Fred Ezeh, Abuja
The United Nation has expressed fears that the independence of the judiciary in Nigeria is under serious threat, following the recent suspension of the Chief Justice of Nigeria (CJN), Walter Onnoghen, by President Muhammadu Buhari.
UN said the action of the Nigerian government was in total contravention of international human rights standards on the independence of the judiciary and the separation of powers.
Its special rapporteur on the independence of judges and lawyers, Diego Garcia-Sayán, in a statement released in Abuja, on Monday, insisted that due process was ignored in the entire process that led to the suspension of CJN.
The statement added: “Ideally, the international human rights standards provide that judges can only be dismissed on serious grounds of misconduct or incompetence.

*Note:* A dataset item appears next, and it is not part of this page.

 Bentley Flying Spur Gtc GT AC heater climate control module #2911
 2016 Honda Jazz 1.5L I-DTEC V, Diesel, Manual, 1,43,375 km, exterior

“Decision to suspend or remove a judge from office should be fair and be taken by an independent authority such as a judicial council or a court.

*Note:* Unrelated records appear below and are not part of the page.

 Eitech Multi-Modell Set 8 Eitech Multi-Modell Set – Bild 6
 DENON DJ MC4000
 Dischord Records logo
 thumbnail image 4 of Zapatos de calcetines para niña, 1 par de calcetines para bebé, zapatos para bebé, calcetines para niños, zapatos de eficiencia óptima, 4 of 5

“The dismissal of judges without following procedures laid down by the law and without effective judicial protection being available to contest the dismissal is incompatible with the independence of the judiciary.”
Recall that Justice Walter Onnoghen was suspended by President Buhari on January 25, and was immediately replaced by Justice Ibrahim Tanko Mohammad.
President Buhari said he acted in compliance with an order issued two days earlier by a tribunal established under the Constitution to decide on alleged breaches of the code of conduct for public officials.
However, four separate Nigerian courts – the Court of Appeal, the National Industrial Court and the two Federal High courts have already ordered a stay of proceedings in the tribunal.
Moreover, the said order upon which the suspension was based, was issued ex-parte while the motion on notice on the same subject was adjourned the day before by the issuing court.